::: Records supplied :::
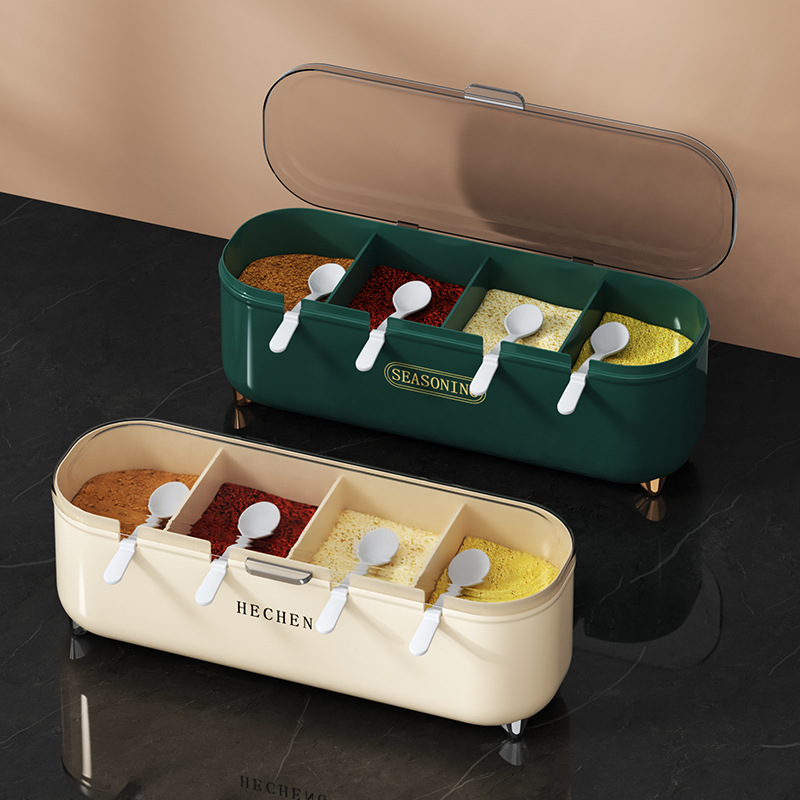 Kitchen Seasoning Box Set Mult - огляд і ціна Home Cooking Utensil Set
:::
::: Records supplied :::
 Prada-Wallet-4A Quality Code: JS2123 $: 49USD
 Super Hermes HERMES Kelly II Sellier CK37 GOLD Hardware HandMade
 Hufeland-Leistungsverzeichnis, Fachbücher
:::
> [What you are asked to do] Beginning with the line that has "Prada-Wallet-4A Quality Code: JS2123" and ending with the line that has "Hufeland-Leist", set down the lines above exactly and include no others.

> [Reply]
 Prada-Wallet-4A Quality Code: JS2123 $: 49USD
 Super Hermes HERMES Kelly II Sellier CK37 GOLD Hardware HandMade
 Hufeland-Leistungsverzeichnis, Fachbücher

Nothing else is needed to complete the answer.